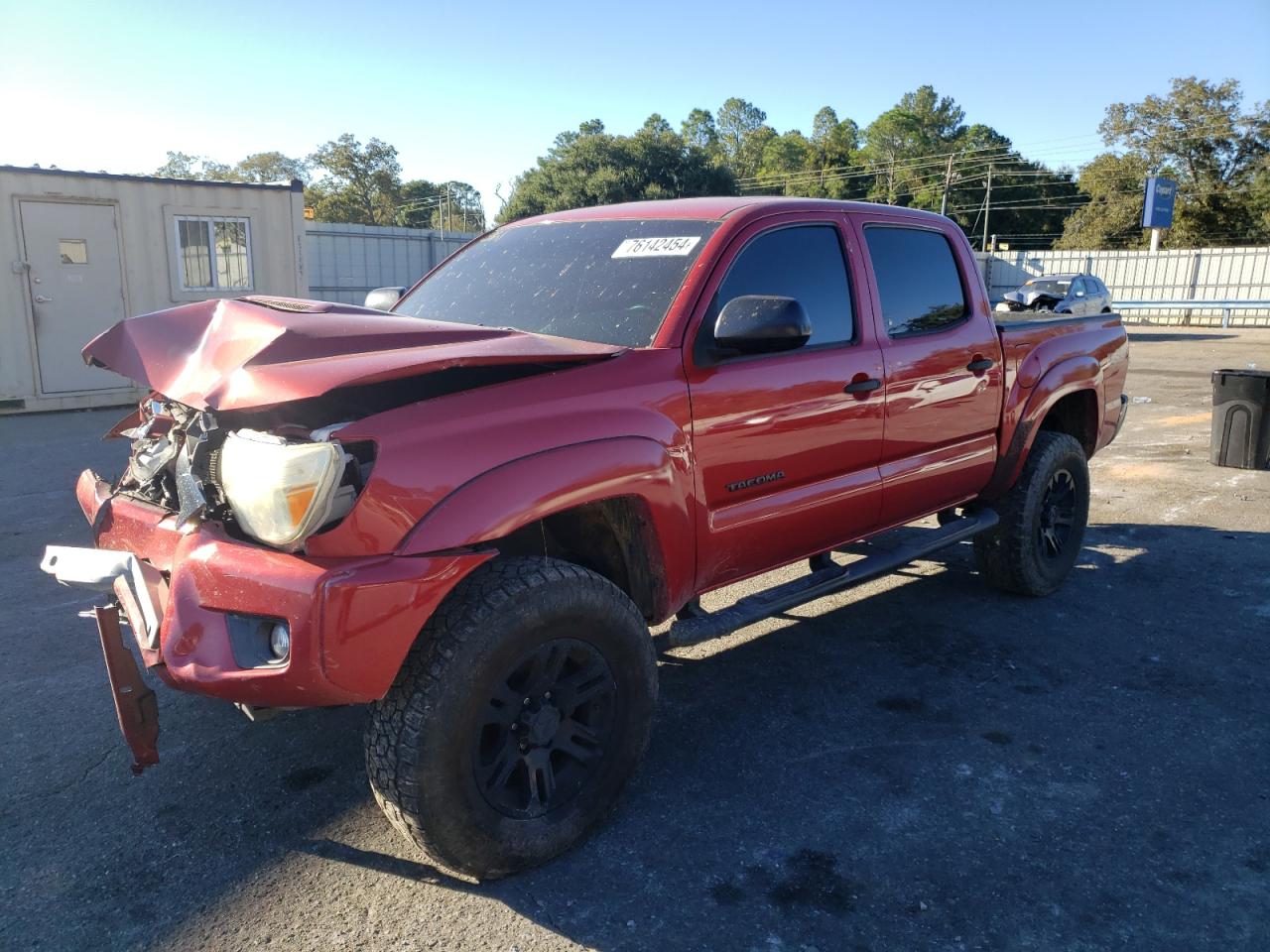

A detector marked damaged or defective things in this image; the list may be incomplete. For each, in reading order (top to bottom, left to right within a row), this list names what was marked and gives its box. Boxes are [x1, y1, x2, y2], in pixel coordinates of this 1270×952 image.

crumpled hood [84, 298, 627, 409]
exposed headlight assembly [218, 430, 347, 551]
==
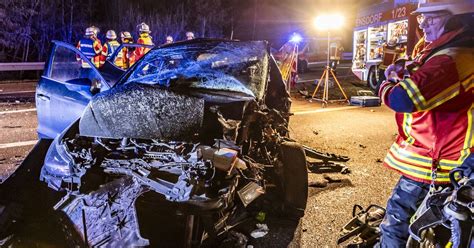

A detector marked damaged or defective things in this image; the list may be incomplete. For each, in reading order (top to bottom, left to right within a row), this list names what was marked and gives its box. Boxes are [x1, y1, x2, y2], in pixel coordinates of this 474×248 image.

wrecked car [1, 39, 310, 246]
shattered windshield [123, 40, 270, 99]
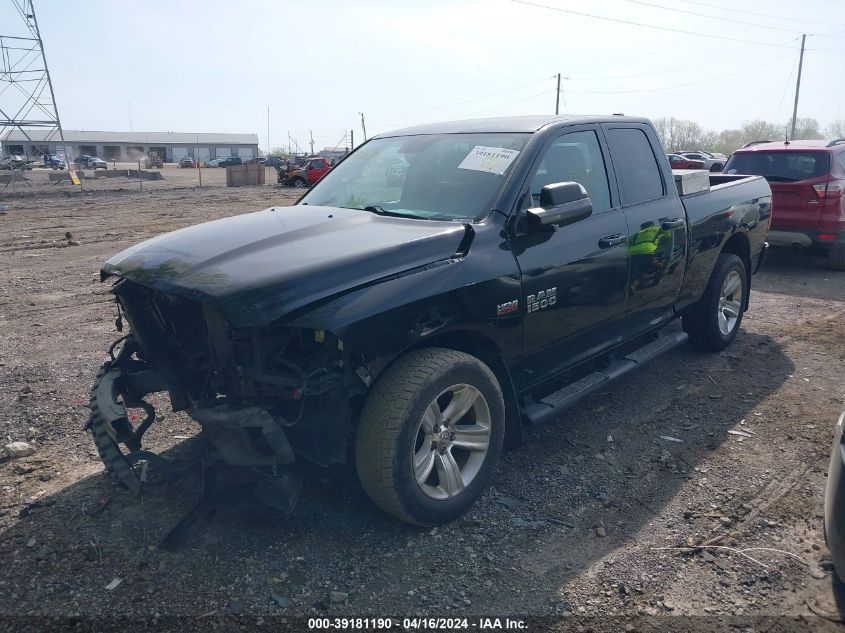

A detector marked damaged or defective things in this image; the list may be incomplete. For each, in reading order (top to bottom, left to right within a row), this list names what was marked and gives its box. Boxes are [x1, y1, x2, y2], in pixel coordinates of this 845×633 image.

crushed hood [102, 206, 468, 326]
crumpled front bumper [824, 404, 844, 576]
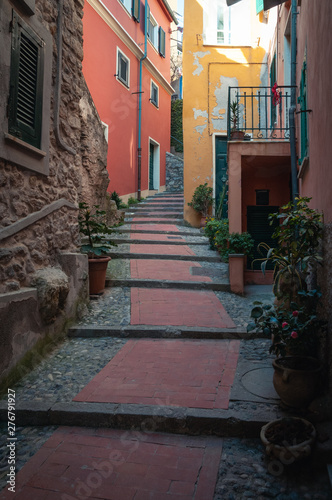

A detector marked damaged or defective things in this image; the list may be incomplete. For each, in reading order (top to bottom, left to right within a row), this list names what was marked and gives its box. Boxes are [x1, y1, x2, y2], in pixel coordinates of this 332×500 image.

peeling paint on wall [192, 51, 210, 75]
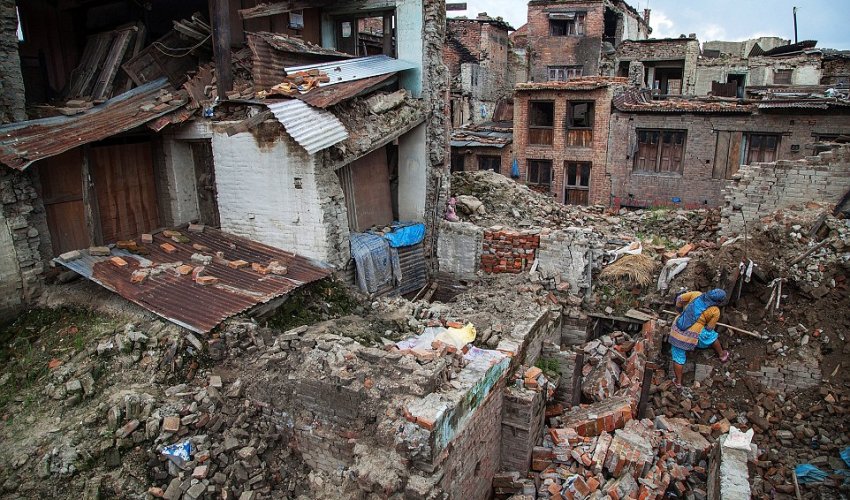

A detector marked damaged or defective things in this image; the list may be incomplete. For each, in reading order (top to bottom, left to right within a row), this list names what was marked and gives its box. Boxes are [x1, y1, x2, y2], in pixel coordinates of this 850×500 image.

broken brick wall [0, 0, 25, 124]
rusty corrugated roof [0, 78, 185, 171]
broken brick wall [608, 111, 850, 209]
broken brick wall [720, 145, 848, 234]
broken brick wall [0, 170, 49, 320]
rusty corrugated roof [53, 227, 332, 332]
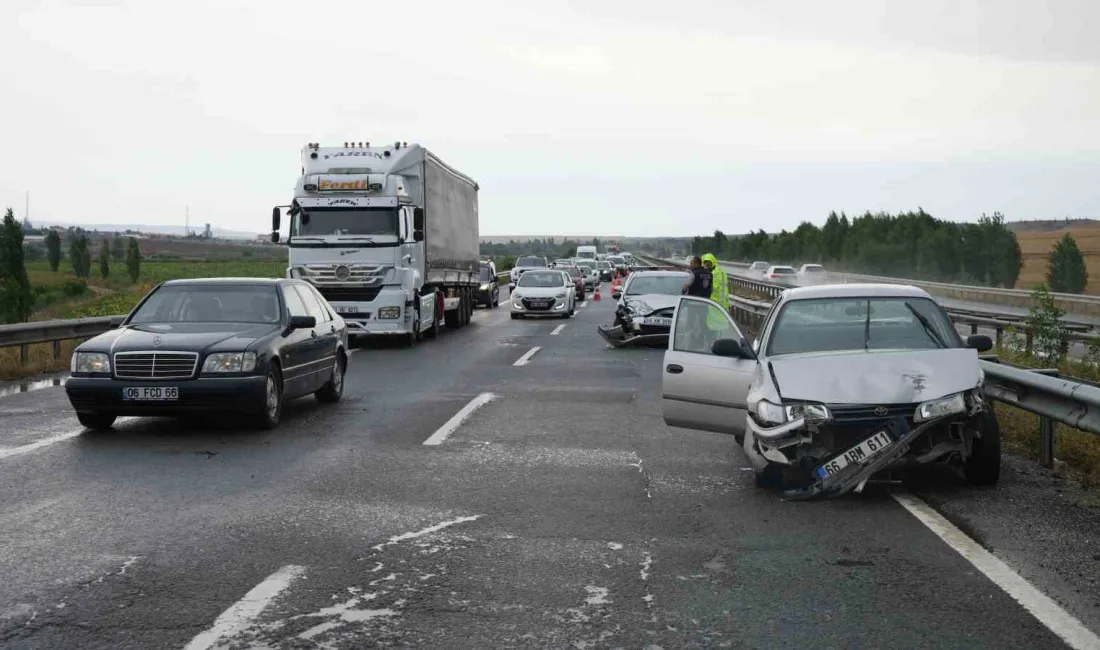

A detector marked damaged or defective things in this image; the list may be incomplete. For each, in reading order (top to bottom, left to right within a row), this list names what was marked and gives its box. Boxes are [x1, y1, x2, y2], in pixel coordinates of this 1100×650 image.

- _WHAT YOU WILL DO_
Everything between and including the line above containing "this 850×500 image." and the line containing "this 1100×650 image." should be reproduced exactly, with pictures excluded.

- _ANSWER FOR THIS EXERCISE_
A detector marked damaged or defective things in this image; the list may be incomplete. For each, in reading order (top to bottom, left to right within a row), this list names what was marked and gives its box. Boxes are [x1, y1, x2, y2], in pixel coordinates of this 850×500 image.

broken brick wall [0, 0, 25, 124]
rusty corrugated roof [0, 78, 185, 171]
broken brick wall [608, 111, 850, 209]
broken brick wall [720, 145, 848, 234]
broken brick wall [0, 170, 49, 320]
rusty corrugated roof [53, 227, 332, 332]

A detector marked damaged or defective things in this image; the list may be incomplete. For each, in reading order (top to bottom, left to right within a row), this list names what was marked and gives its box. Boxes are [x1, y1, x2, y2], in pixel coordinates of this 1100×650 image.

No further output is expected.